I've got a tool which parses sockpuppet investigation (SPI) pages and does some analysis. One of the steps is I need to validate that all of the usernames found in the SPI report are valid. I do that by sequentially calling usercontribs on each name with uclimit=1 and seeing if I get a baduser error.
This works, but it's slow because I need to make 1 API call for each user. For a big SPI case, the time to do this swamps everything else. Is there a more efficient way to do this? Some API call where I can give it a bunch of usernames in a batch and have it tell me which ones are invalid? Alternatively, is there a regex I could apply on the client side to test if a username is valid?

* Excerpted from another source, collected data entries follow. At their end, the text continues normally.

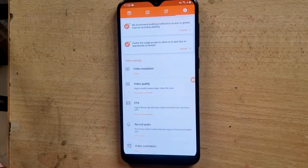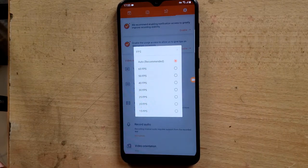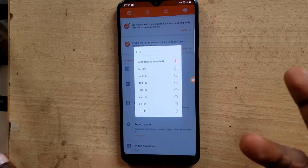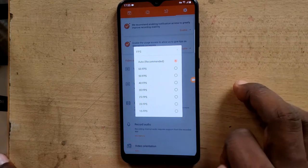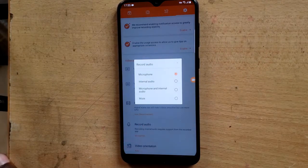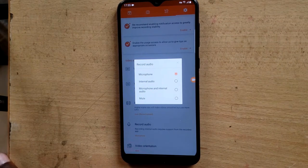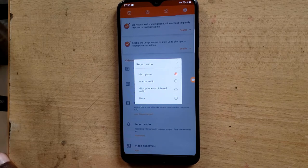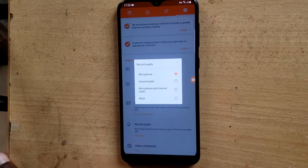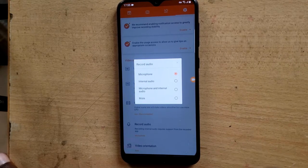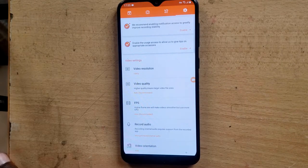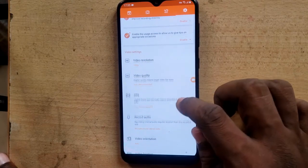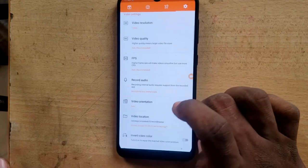If you want to choose an option for your FPS, there is still an option to choose. Most people like to use 30 frames per second and some people like to use 60 frames per second — FPS means frames per second — so go ahead and choose whichever you want. By default it's set to record only your microphone, but if you want only the internal audio you can choose that, and if you want to record both microphone and internal audio you can select that option as well.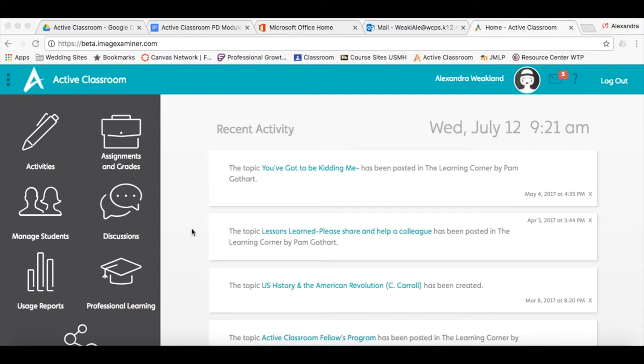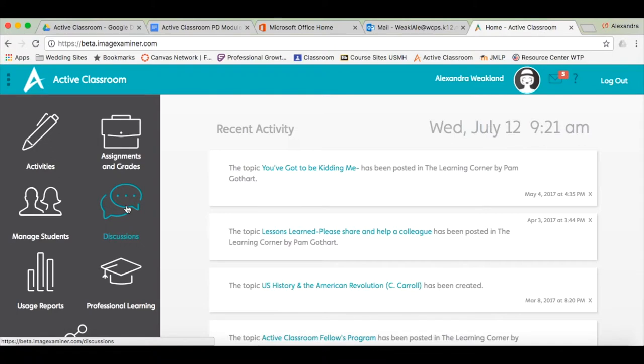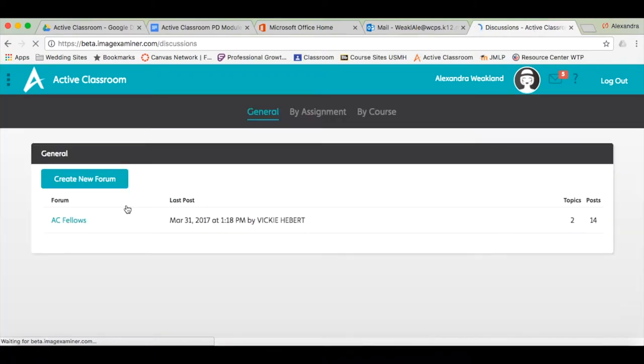From the home page, click on the discussion icon listed on the left hand side. The first tab under the discussion icon is titled General.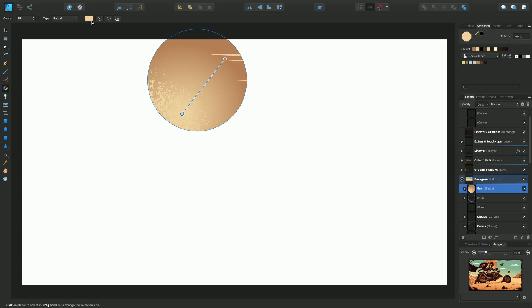Incidentally, up to now we've been applying the gradient to the fill of an object, but of course you can apply the linear gradients and radial gradients to the stroke of an object too. I won't show you that just now, but you literally just select stroke and then apply the gradients as before for the fill.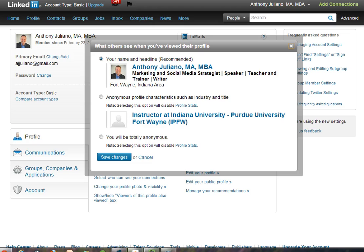When you click on this, LinkedIn is going to give you a few options. You can have your name and headline displayed — that is where you are fully conspicuous and known to those whose profiles you view. However, you could also choose to have just your title displayed, or you can be totally anonymous.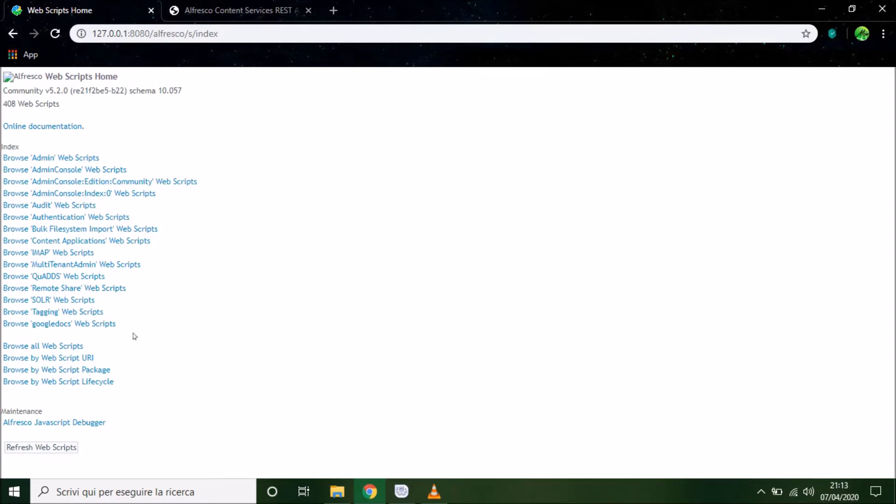The first time that you access to this page, you have to insert the administration credential. So admin as username and your password.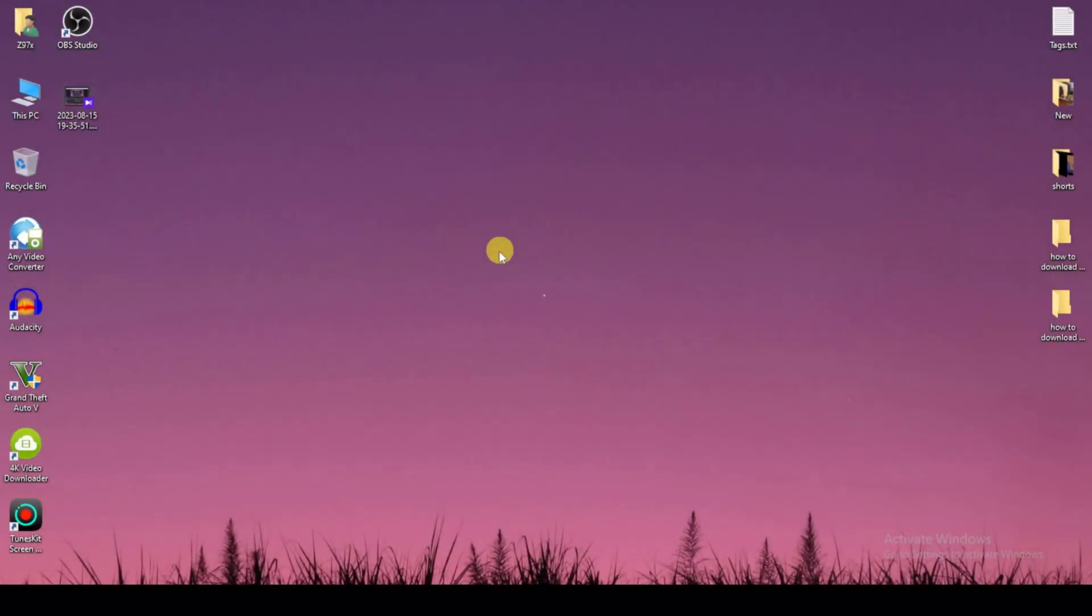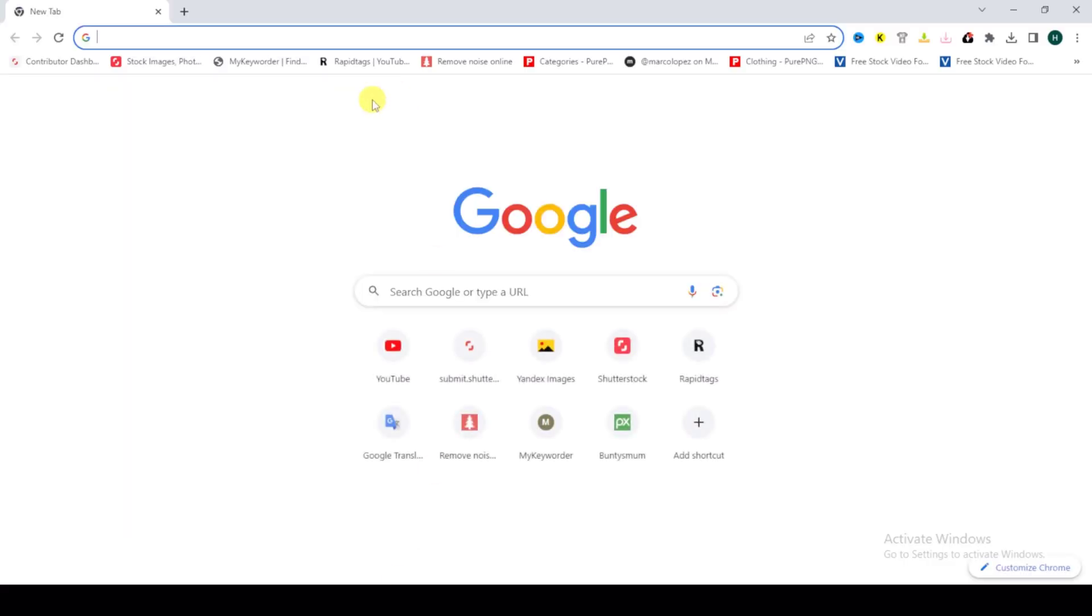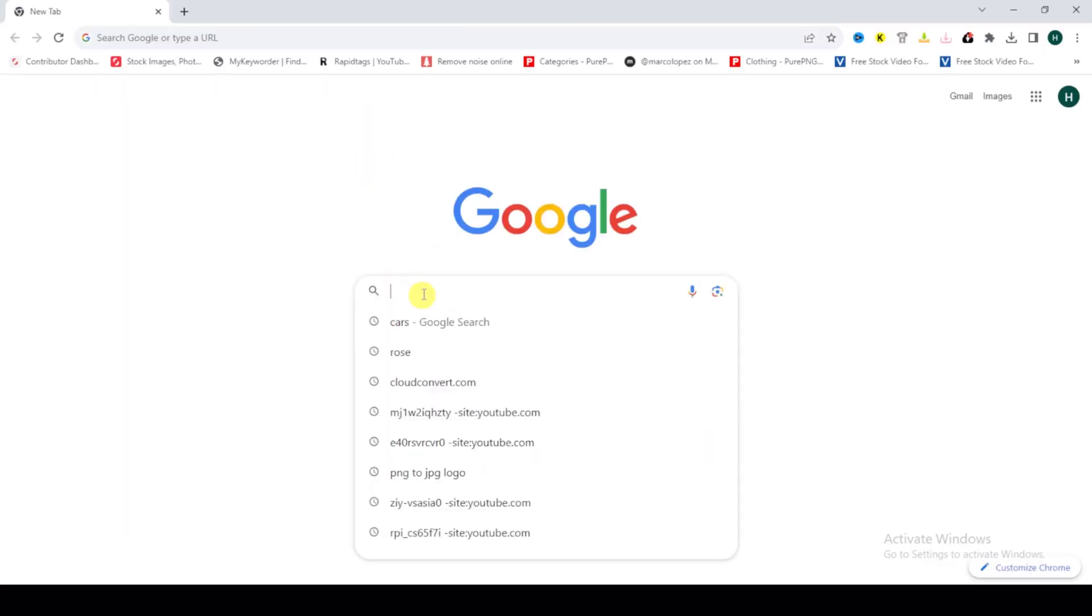Hello guys, in this video I will show you how to download pictures from Google on your laptop or PC. It's a simple way to download any picture from Google. First of all, go to google.com and search for what you need.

The most common type of invalid name I see is when somebody puts down an iprange (i.e. 1.2.4.0/24) as a username. Testing for that client-side would be trivial, but it might miss some others.
On Thu, Aug 19, 2021 at 4:04 PM Roy Smith roy@panix.com wrote:
I've got a tool which parses sockpuppet investigation (SPI) pages and does some analysis. One of the steps is I need to validate that all of the usernames found in the SPI report are valid. I do that by sequentially calling usercontribs on each name with uclimit=1 and seeing if I get a baduser error.
This works, but it's slow because I need to make 1 API call for each user. For a big SPI case, the time to do this swamps everything else. Is there a more efficient way to do this? Some API call where I can give it a bunch of usernames in a batch and have it tell me which ones are invalid? Alternatively, is there a regex I could apply on the client side to test if a username is valid?
The most common type of invalid name I see is when somebody puts down an iprange (i.e. 1.2.4.0/24) as a username. Testing for that client-side would be trivial, but it might miss some others.
You can do lookups in batches of 50 (500 if you have the "apihighlimits" right which is commonly granted by the "Bots" group on movement wikis) with https://en.wikipedia.org/w/api.php?action=help&modules=query%2Busers.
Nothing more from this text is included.